All of this information is available as a side-effect of building a Deployment Pipeline. In fact it is quite hard to imagine a Pipeline that doesn’t give you access to this information. I sometimes describe one of the important properties of Deployment Pipelines as “providing a key’ed, search-space for all of the information associated with any production change.”. This is Gold for people working in compliance, regulation and audit.

The Deployment Pipeline, when properly implemented, is in the perfect place to act as a platform for regulatory functions and data-collection.
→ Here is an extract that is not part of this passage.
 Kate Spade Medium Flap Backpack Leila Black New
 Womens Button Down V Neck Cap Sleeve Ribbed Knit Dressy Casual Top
If we can mine this Gold, if we can identify the needs of the people working in these areas, we can implement behaviors, in the Pipeline, to support and enhance their efforts.

Here are a few examples from my own, real-world, experience…

  • Generate an automatic audit-trail for all production change.
  • Implement access-control to the Pipeline so that we can audit who did what.
  • Implement “compliance-gates” to automate rules
    e.g. “We require sign-off for release”:
    Solution: Use access-control credentials (and people’s roles) to automate “sign-offs”
  • Reject any commit that fails any test.
    (Most regulators *love* this idea when you explain it to them!)
  • In an emergency we may need to break a rule
    Solution: Allow manual override of rules
    e.g. “Reject any commit that fails a test”, but audit the decision and who made it.
    (Regulators love that too. They recognize that bad things sometimes happen, but want to see the decision-making)

What Does It Take?

Assuming that you have a working Deployment Pipeline, creating one is outside the scope of this article (see links below), the first practical step to implement “Continuous Compliance” is the one I have already mentioned. Connect your Pipeline, via commit messages, to your requirements system!

Use the IDs from Jira or Trello (or whatever) and tag every commit with a Bug or Story ID.

That should give you a key-based system that joins all of the information that you collect together and makes it searchable (and so amenable to automation, reporting, and tool-building).

The next step is to add access-control to Pipeline tools so that you can track human decision-making.

Continuous Delivery is defined as “working so that your software is always in a releasable state”. This does not eliminate the need for human decision-making. Where applicable and appropriate, capture the outcome of human decisions via the Pipeline tools.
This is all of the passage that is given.